DATA SECTION:

□ □ □ □

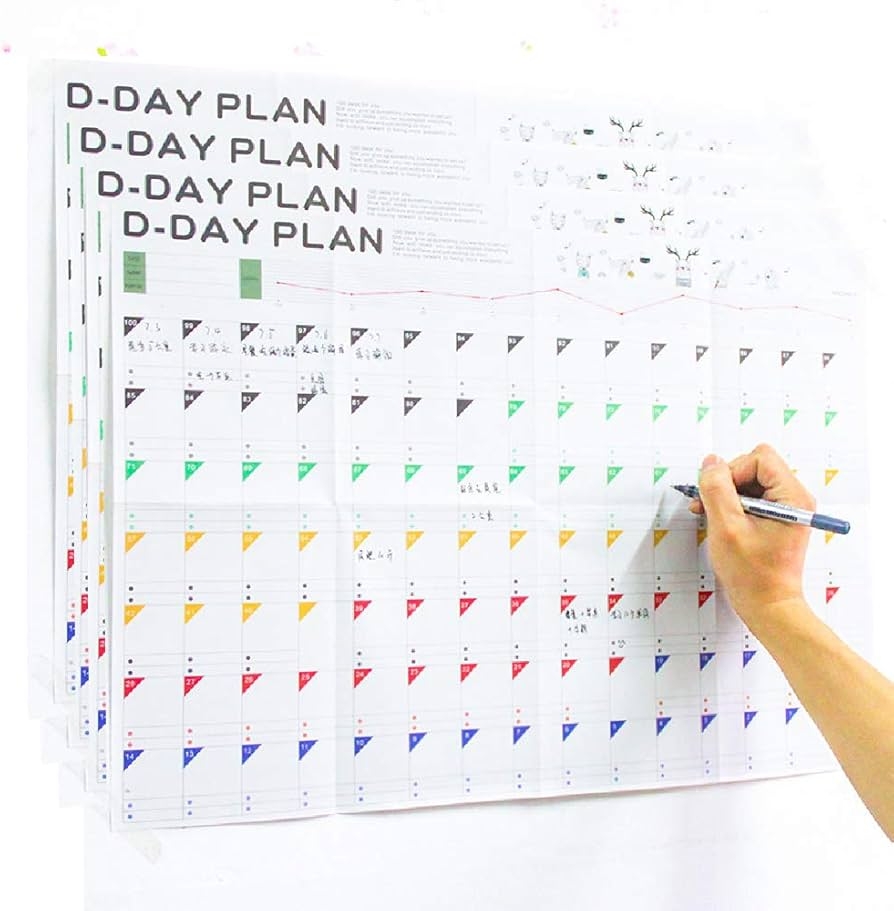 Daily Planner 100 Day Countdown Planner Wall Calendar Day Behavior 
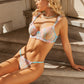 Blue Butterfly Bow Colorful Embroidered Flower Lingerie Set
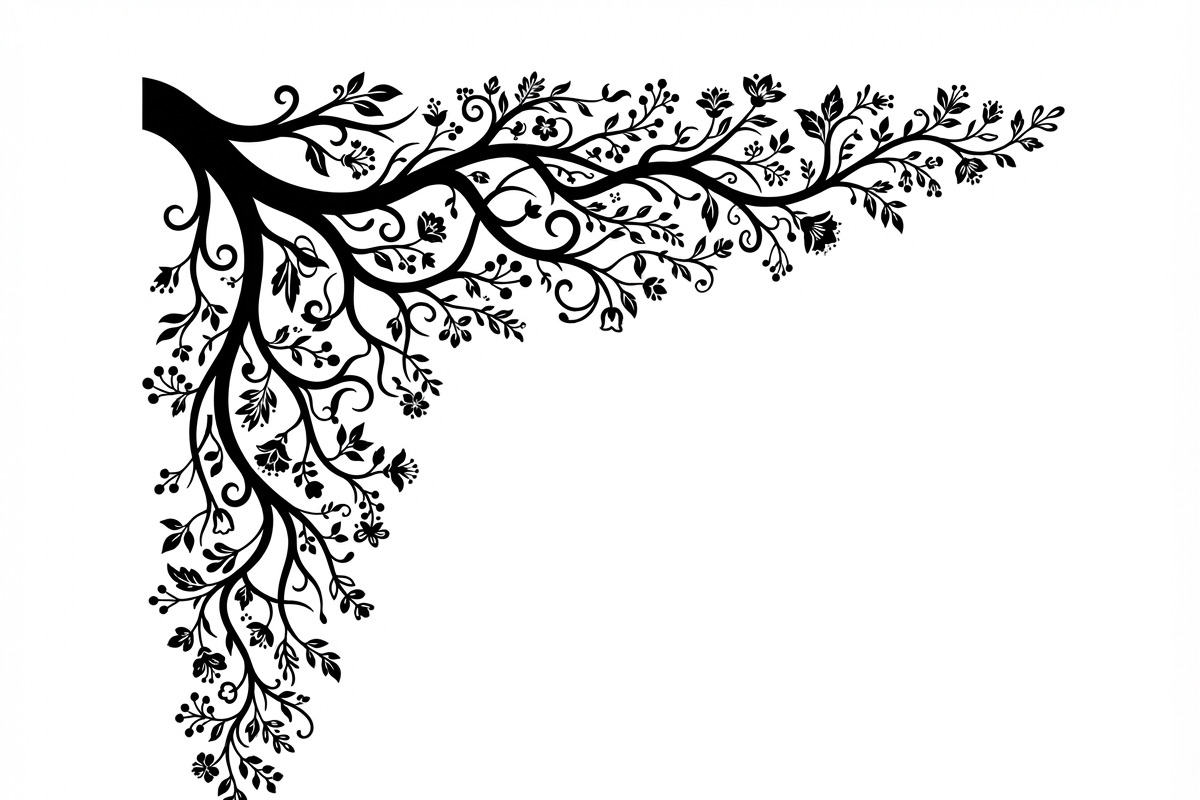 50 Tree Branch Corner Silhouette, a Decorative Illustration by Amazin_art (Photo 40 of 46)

□ □ □ □

Everything in the data except the pictures must be retyped exactly.

OUTPUT FOR THIS EXERCISE:
 Daily Planner 100 Day Countdown Planner Wall Calendar Day Behavior 
 Blue Butterfly Bow Colorful Embroidered Flower Lingerie Set
 50 Tree Branch Corner Silhouette, a Decorative Illustration by Amazin_art (Photo 40 of 46)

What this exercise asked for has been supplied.